HARRIS COUNTY, Texas — Harris County election duties are now in the hands of the county clerk and tax assessor-collector.
The transition was made a few weeks ago when a new law went into effect.
On Monday, the local offices tested voting machines, as required by the state ahead of the upcoming November election. The testing process will take a few days to complete. The election workers have to test about 700 different Harris County election ballots to make sure each one is accurate on Election Day on Nov. 7.
The test run is required under the Texas Election Code.
"Today is the first day the pre-election testing board convenes for the purpose of testing the logic and accuracy of the equipment to be used in the upcoming election," Harris County Clerk Teneshia Hudspeth said. "Our diverse county is home to over 2.5 million registered voters and their ballots will have different contests depending on where they are registered."
There has been a bit of turnover after a recent transition of power eliminated the elections administrator position and put election duties back under the county tax assessor-collector, who will handle voter registration, and the county clerk, who will handle election administration.
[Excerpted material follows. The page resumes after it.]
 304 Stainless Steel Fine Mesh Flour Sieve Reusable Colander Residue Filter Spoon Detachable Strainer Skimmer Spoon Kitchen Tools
Last November, parties claimed a shortage of ballot papers targeted certain polls. This year, Hudspeth said that won't be an issue.
"One thing we should not worry about this election cycle is paper. We will have more than enough paper," Hudspeth said.
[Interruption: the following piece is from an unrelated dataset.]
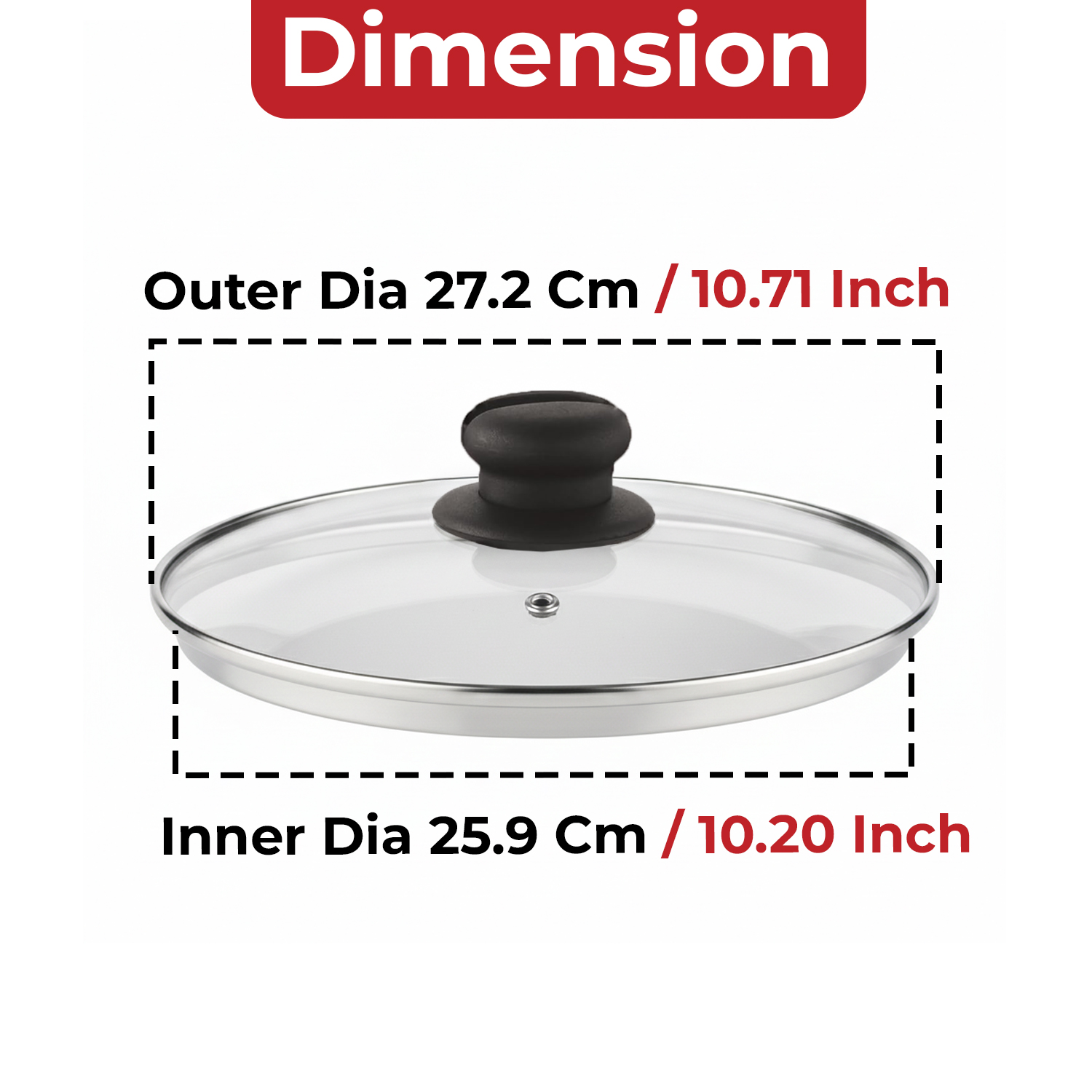 HAZEL Glass Cookware Lid With Knob and Built In Steam Vents, 25.9 cm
She said this election will be similar to previous ones in that headquarters will be at NRG and the machines will be the same.
"It’s all touch screen, right, so I'm just making selections," Hudspeth said. "This isn’t a receipt. This is your actual vote, and you have to go to the scan to actually feed your ballot in for your vote to count."
The elections office will be hosting community events to help people get more familiar with the voting machines. They will be posting those events on their calendar.